A few years ago, when writing Embracing Life, I realized that the Four-Fold Way held possible synergies that could unlock even more energy. I could see then, what I am learning now. When we combine “showing up” with another practice from the Four-Fold Way, “surrendering attachment to outcome,” or letting go, it becomes something even more powerful. It seems that I can only “show up” so much, if I don’t let go of the outcome. This realization is changing my life, and making it more possible to experience a deeper meaning in Joe Campbell’s words.

An earlier experience of this quote left me feeling angry. I thought, as I read it, that Campbell was advocating for some kind of denial, a spiritual bypass of the agony in our world. I couldn’t imagine “joy” showing up in the same sentence with “the sorrows in the world.”
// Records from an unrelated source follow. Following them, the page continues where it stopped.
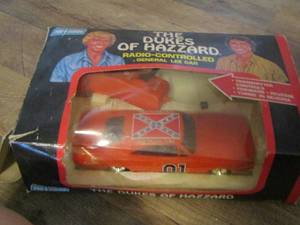 lot 48 image: DUKES OF HAZARD RADIO CONTROLLED GENERAL LEE CAR NEW IN BOX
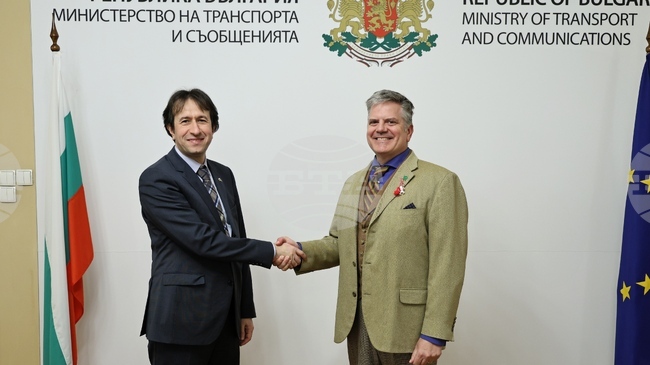 Стратегическите транспортни коридори обсъдиха служебният транспортен министър Корман Исмаилов и временният посланик на САЩ у нас Мартин Макдауъл 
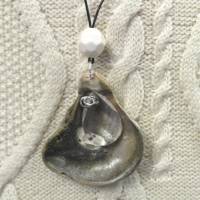 Großer Upcycling Kettenanhänger mit Muschel und Perlen,  nachhaltiger Schmuck Bild 2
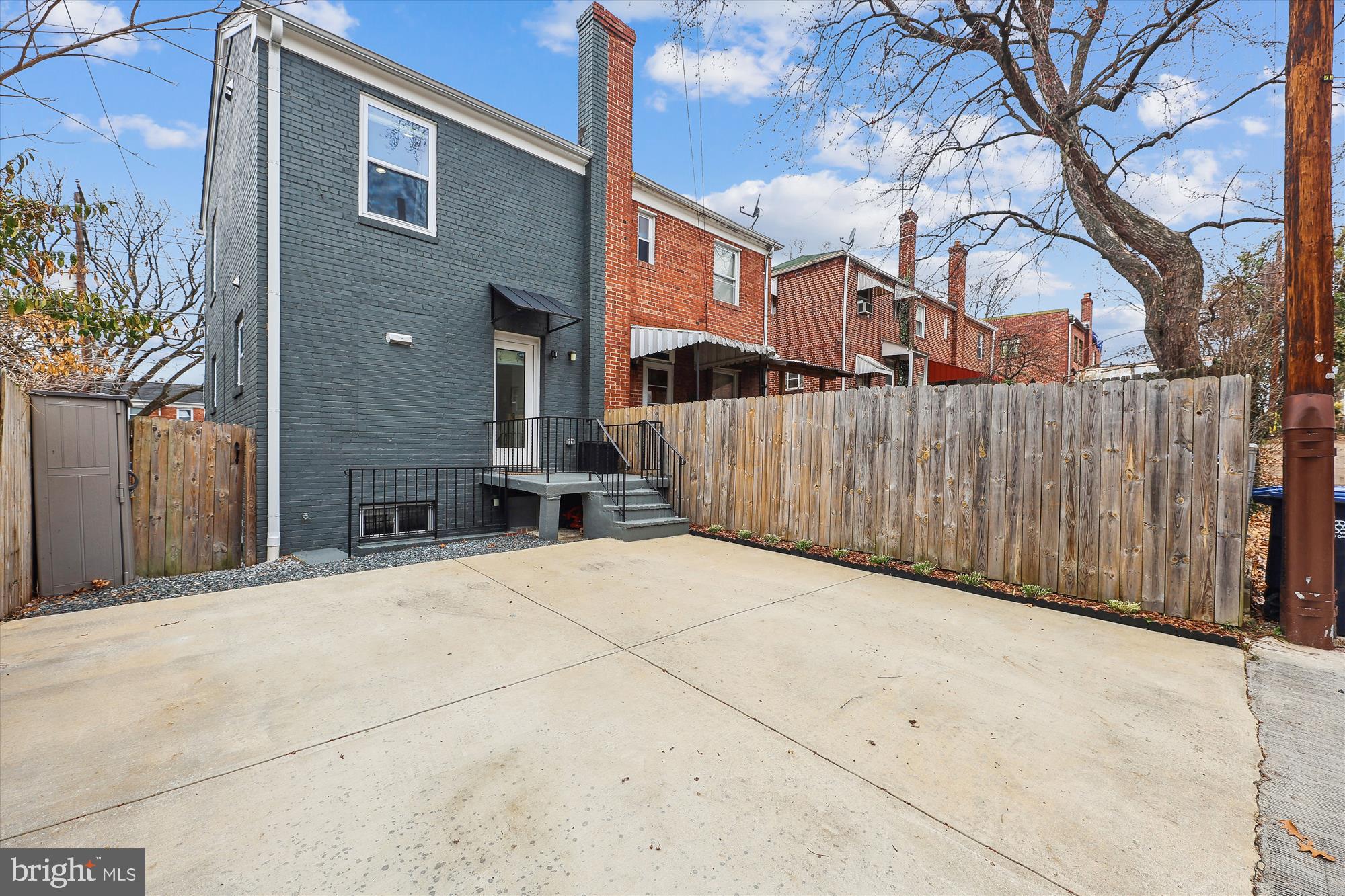 1136 Branch Ave SE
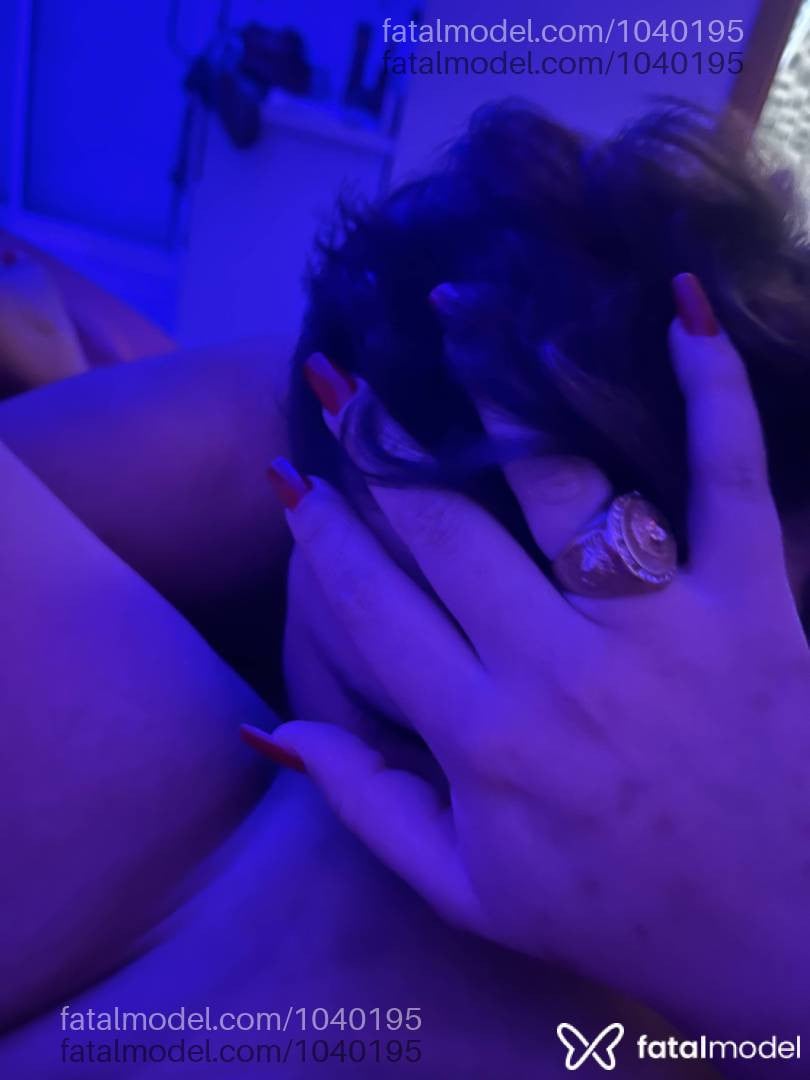 Acompanhante mulher loira (o) de olhos castanhos - Lilíc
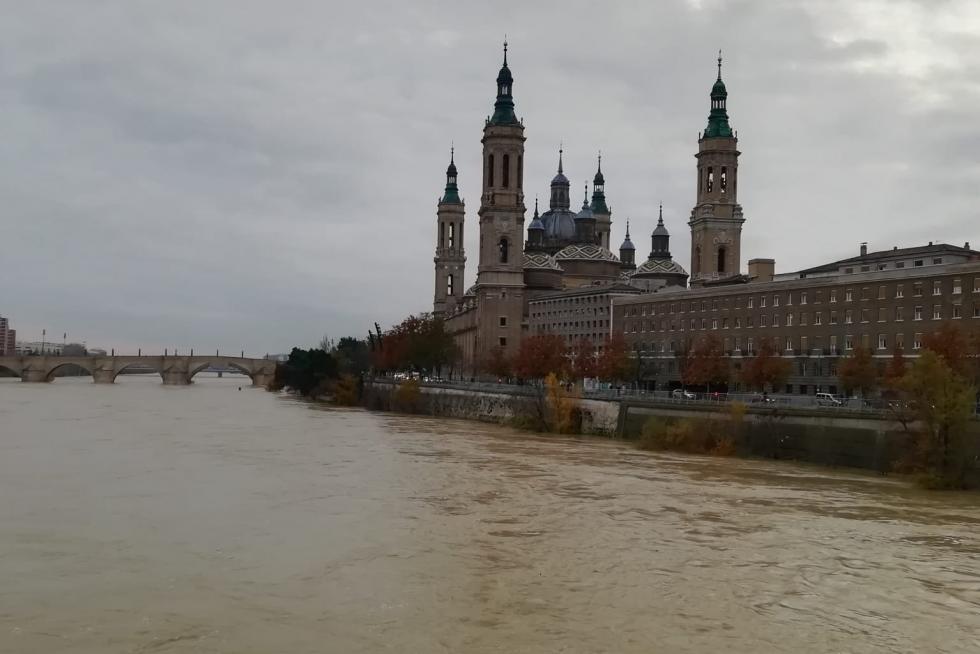 El río Ebro anegó las riberas a su paso por la capital. La punta de la crecida pasa en torno a las 8.30 por Zaragoza tras obligar a desalojos y anegar cultivos en la Ribera Alta.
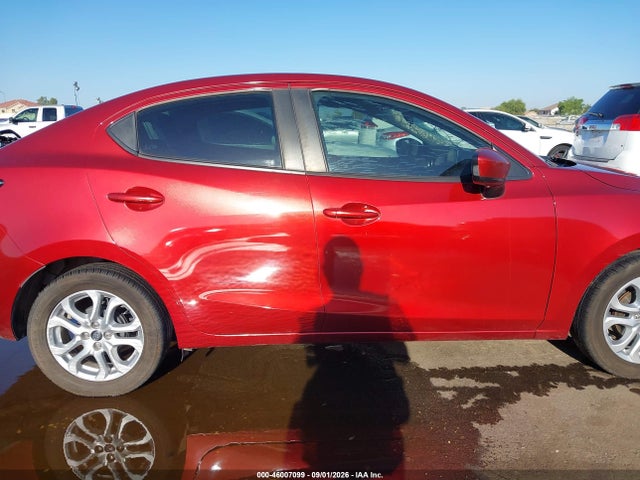 46007099 :رقم المزاد ، 3MYDLBYV7HY173862 vin ، 2017 Toyota Yaris Ia مزاد بيع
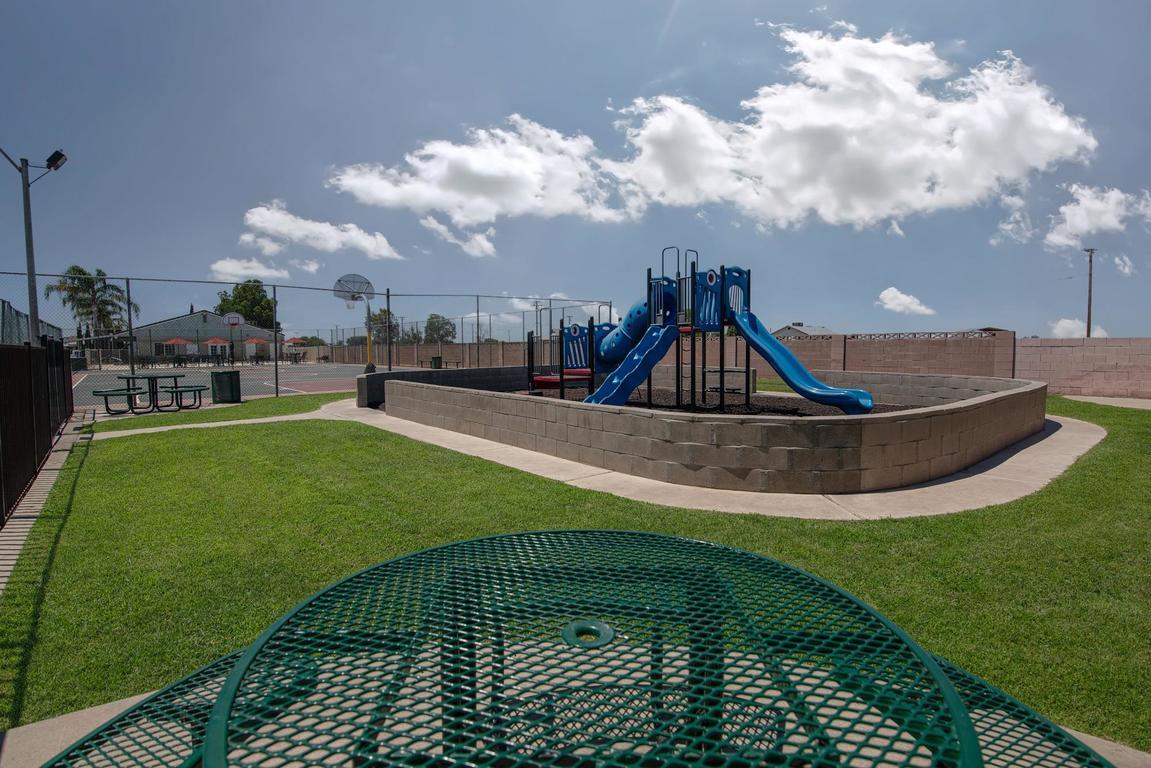 900 E Rankin Rd #27, Tulare, CA 93274
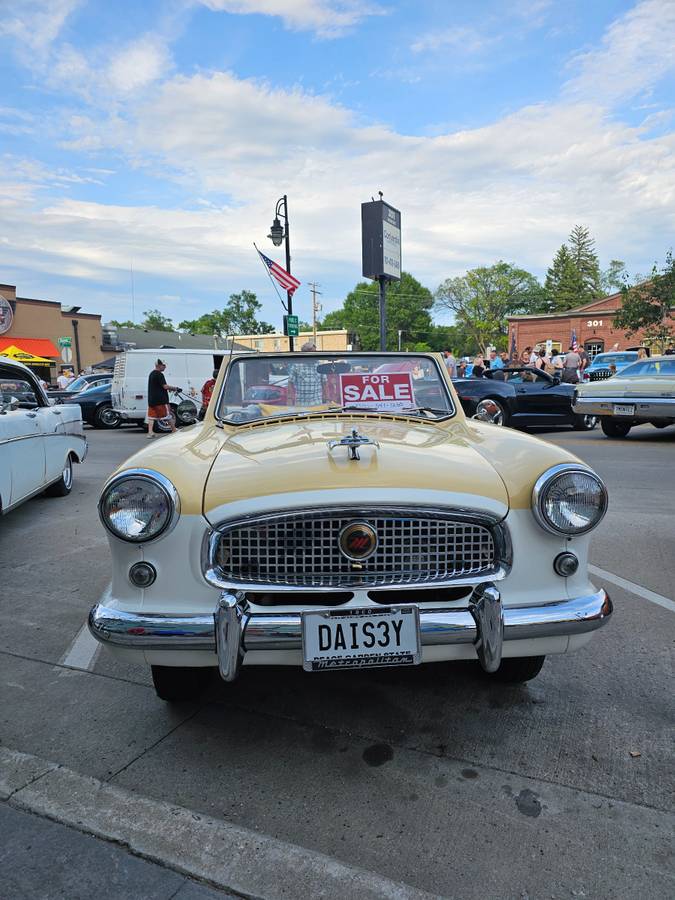 Nash-metropolitan-1960-yellow-4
As I’ve grown older, that earlier attitude began to change. I could feel something like that in what was unfolding around me. Old people were growing happier. They were becoming more comfortable in their own skins, more free and expressive, less emotionally reactive and truer to themselves. At first, I was suspicious of these changes. They seemed to be the changes of the privileged, those who were insulated from the woes of the world. My own increasing happiness was suspect. I was, like my counterparts, ripening into a deeper me, and becoming happier to be me. Life seemed a better place. I wasn’t sure this was a good development.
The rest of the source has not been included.